MAKASSAR, UJUNGJARI – Komisi Pemilihan Umum (KPU) Kota Makassar dituding tidak profesional dalam tindakannya dengan mengeluarkan Surat Keputusan (SK) pemberhentian delapan Panitia Pemungutan Suara (PPS) yang bertugas di wilayah Kecamatan Tamalate, Kota Makassar.
Penerbitan Surat Keputusan KPU Kota Makassar Nomor 335 per tanggal 23 Juni 2023 tentang Pemberhentian Panitia Pemungutan Suara (PPS) dengan tuduhan pelanggaran kode etik penyelenggara Pemilu 2024 tersebut dinilai tidak prosedural dan diduga jauh dari kata profesionalisme kerja KPU Kota makassar.
ADVERTISEMENT
SCROLL TO RESUME CONTENT
Isra, Ketua PPS Kelurahan Maccini Sombala, Kecamatan Tamalate, yang dipecat, Jumat (14/7/2033), menilai, keputusan tersebut dikeluarkan tanpa melalui beberapa tahapan sebagaimana yang diatur dalam Keputusan KPU Nomor 337 tahun 2020.
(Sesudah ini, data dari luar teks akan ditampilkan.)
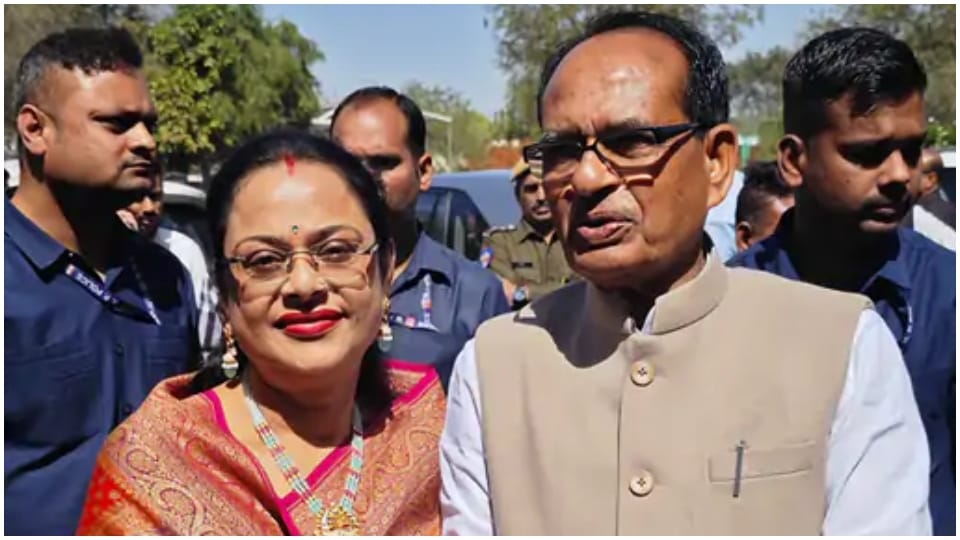 Shivraj Singh Chouhan Son Kartikey and Amanat Wedding in Jodhpur Know Venue Date Full Details in Hindi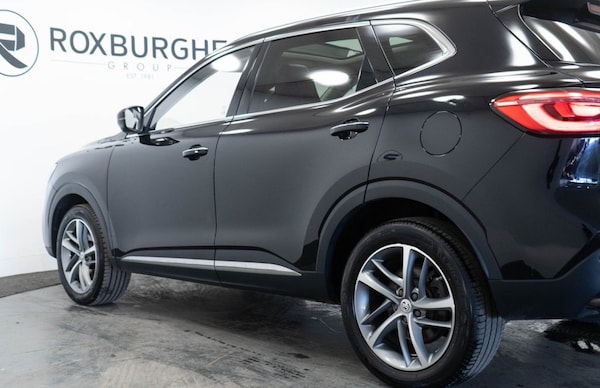 Used MG MG HS 2022 for sale - 75528044: Photo 17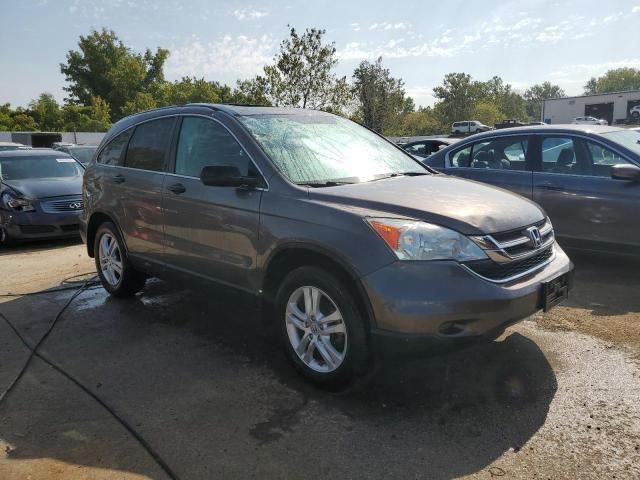 2010 Honda CR-V EX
“Perlu diketahui bersama bahwa di dalam surat keputusan KPU Nomor 337 tersebut diatur secara seksama dan terperinci bagaimana proses dan tahapan penjatuhan sanksi jika terdapat penyelenggara Adhoc, baik tingkat Panitia Pemilihan Kecamatan (PPK), PPS maupun Kelompok Penyelenggara Pemungutan Suara (KPPS) ketika mereka melakukan pelanggaran,” ujarnya.
“Penjatuhan sanksi atau pemberhentian yang dikeluarkan KPU Kota Makassar kepada delapan PPS ini, diduga tidak profesional, karena sangat jauh dari aturan Keputusan KPU Nomor 337 tahun 2020 tersebut. Dan tentunya hal tersebut kami nilai sangat tidak adil bagi kami,” tambahnya.
Perlu diketahui juga, sebelum PPS menerima SK pemberhentian dari KPU Kota Makassar per tanggal 23 Juni 2023, delapan PPS tersebut, hanya satu kali diundang klarifikasi KPU Kota Makassar, yakni 22 Juni 2023 dan proses klarifikasinya hanya lewat Zoom. Setelah itu terbitlah surat pemberhentian.
“Sependek pengetahuan kami bahwa kalau delapan PPS tersebut, diduga melanggar kode etik, maka idealnya dilakukan pemanggilan untuk sidang kode etik dan para terduga ini, dipanggil guna menjalani sidang kode etik. Tapi, kenyataan yang terjadi tidak seperti itu dan sangat jauh dari aturan,” terangnya.
“Yang kami ketahui bahwa dalam sidang kode etik, terduga diberi kesempatan untuk melakukan pembelaan atas apa yang disangkakan akan, tetapi yang dipraktikkan KPU Kota Makassar sangat berbeda dan tidak ada ruang bagi PPS untuk melakukan pembelaan dan tiba-tiba kami dijatuhi sanksi pemberhentian tanpa ada kesempatan membela diri,” tambahnya.
“Kami merasa sangat kecewa dengan adanya SK pemberhentian yang dilayangkan KPU Kota Makassar yang dalam proses pengambilan keputusannya sangat jauh dari kata profesional dengan tidak merujuk dan mempertimbangkan Keputusan KPU Nomor 337 tersebut,” sambungnya.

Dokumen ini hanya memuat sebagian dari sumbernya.